Nach „Showman Killer“ ist „Alef-Thau“ nun der zweite Jodorowsky-Comic den ich je gelesen habe. Es war ein anstrengender, langer Weg. Die Welt von „Alef-Thau“ ist bizarr und voller spiritueller Metaphern und selbstverständlich geschilderten, traumartigen Sequenzen. Aber, lässt man sich erst einmal darauf ein auch voller Zuversicht und grenzenloser Fantasie…

Der kleine Alef-Thau wird in einen schrecklichen Krieg geboren. Kurz bevor er das Licht der Welt erblickt wird seinen Eltern von einer geheimnisvollen, hochtechnisierten Macht ihre Lebenskraft geraubt. Mit letzter Kraft bringt die Mutter bevor sie und ihr Mann die Welt der Lebenden verlassen den durch den Eingriff schwer entstellten Jungen zur Welt. Alef-Thau wird ohne Beine und Arme geboren. Mirra, das treue, nach einer Begegnung mit der abgezapften Lebensenergie riesenhafte Haustier der Familie bringt das Baby so schnell es kann in Sicherheit.

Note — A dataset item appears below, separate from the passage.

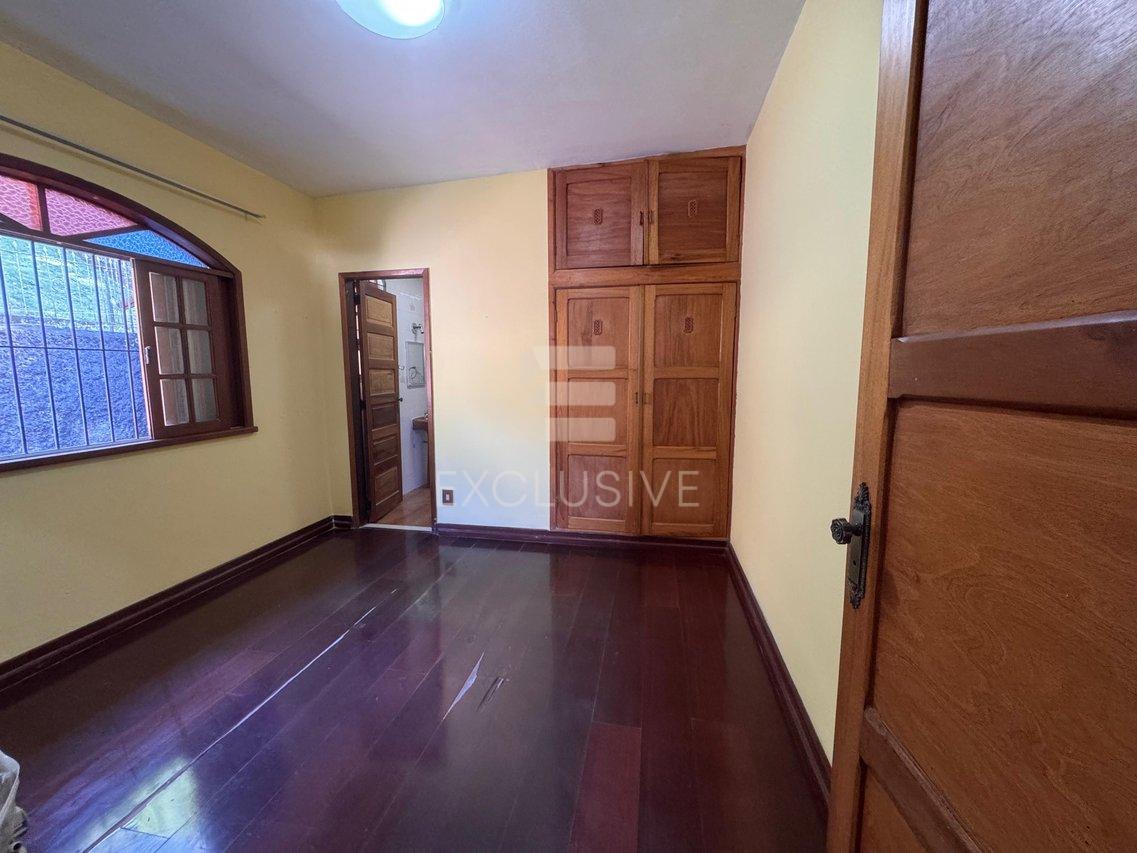 Casa com 4 dormitórios à venda, 445,8 m² por R$ 1.300.000, - Cônego - Nova Friburgo/RJ - Nova Friburgo -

Im Wald der Gnome zieht nun der alte, magisch begabte Hogl Alef-Thau als seinen eigenen Sohn auf.

Trotz seiner Einschränkungen wächst der kleine zu einem glücklichen, jungen Mann heran. Als er im erneuten Schlachtengetümmel der schönen Diamantha begegnet, ist es um ihn geschehen. Sein Herz gehört Diamantha und ihr Herz soll ihm gehören, was es auch kosten mag. Trotz Hogls alarmierender Vorsehungen setzt Alef-Thau alles daran seinen Körper und sein Herz zu vervollständigen. Doch scheinbar gehört die mysteriöse Schönheit zu den mächtigen Unsterblichen, die Schuld an seinem grausamen Schicksal und dem seiner Eltern sind…

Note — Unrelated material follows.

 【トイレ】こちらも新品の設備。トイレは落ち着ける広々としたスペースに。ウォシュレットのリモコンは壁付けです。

Es ist wohl keine haltlose Unterstellung zu behaupten, dass Künstler Arno vom genialen Moebius inspiriert worden ist. Die feinen, sicheren Linien, nur sehr gelegentlichen Schraffuren und quasi nicht vorhandenen Tuschflächen lassen keinen Platz für technische Ungenauigkeiten. Mit sicherem Strich und dezenter Farbwahl vollbringt Arno diese selbstauferlegte Prüfung und ergänzt das wilde Fantasie-Sperrfeuer von Jodorowsky ausgezeichnet.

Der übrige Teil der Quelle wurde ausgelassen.